Epidemiologia e clinica le associano già da tempo
Sono molti i dati epidemiologici e gli studi clinici che documentano l’associazione tra obesità, in continua crescita, è diabete di tipo 2: si parla di diabesità (neologismo coniato dall’Organizzazione Mondiale della Sanità) in oltre il 70% dei casi, con punte dell’80-90%. L’obesità si associa anche a diversi tipi di tumore, tra questi, nelle donne, il carcinoma della mammella. Nonostante la vasta letteratura che suggeriva la triplice associazione, fino ad oggi non era ancora stato trovato un legame genetico che le collegasse.

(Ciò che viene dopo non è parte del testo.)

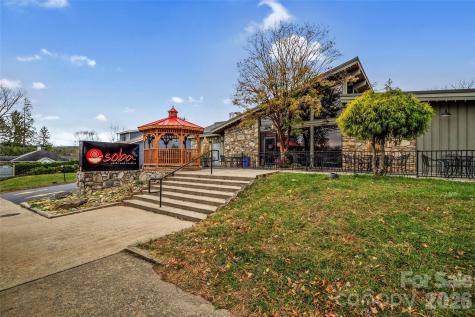 6 Mountain Meadow Circle Weaverville NC 28787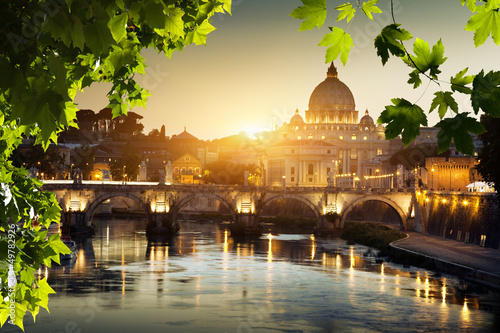 Naklejka - mata magnetyczna na lodówkę view on Tiber and St Peter Basilica in Vatican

38 geni dall’espressione alterata: la “firma” che accomuna le tre patologie
I ricercatori italiani hanno individuato 38 geni che negli adipociti (le cellule del tessuto adiposo, dove si accumula il grasso) si esprimono in maniera diversa nelle persone con obesità rispetto a quelle in normopeso. Gli studiosi hanno notato che si tratta di una serie di geni correlati soprattutto a processi infiammatori, risposta immunitaria e complicanze tipiche dell’obesità come il diabete di tipo 2, ma non solo. Hanno riscontrato alterazioni genetiche simili anche nelle donne con un cancro alla mammella. Tale scoperta, oltre ad essere significativa dal punto di vista scientifico, potrebbe avere delle ricadute pratiche: secondo gli studiosi, infatti, alcuni dei 38 geni isolati, potrebbero venire usati come nuovi marcatori tumorali, un utilizzo importante sia per la ricerca scientifica sia per la diagnostica clinica.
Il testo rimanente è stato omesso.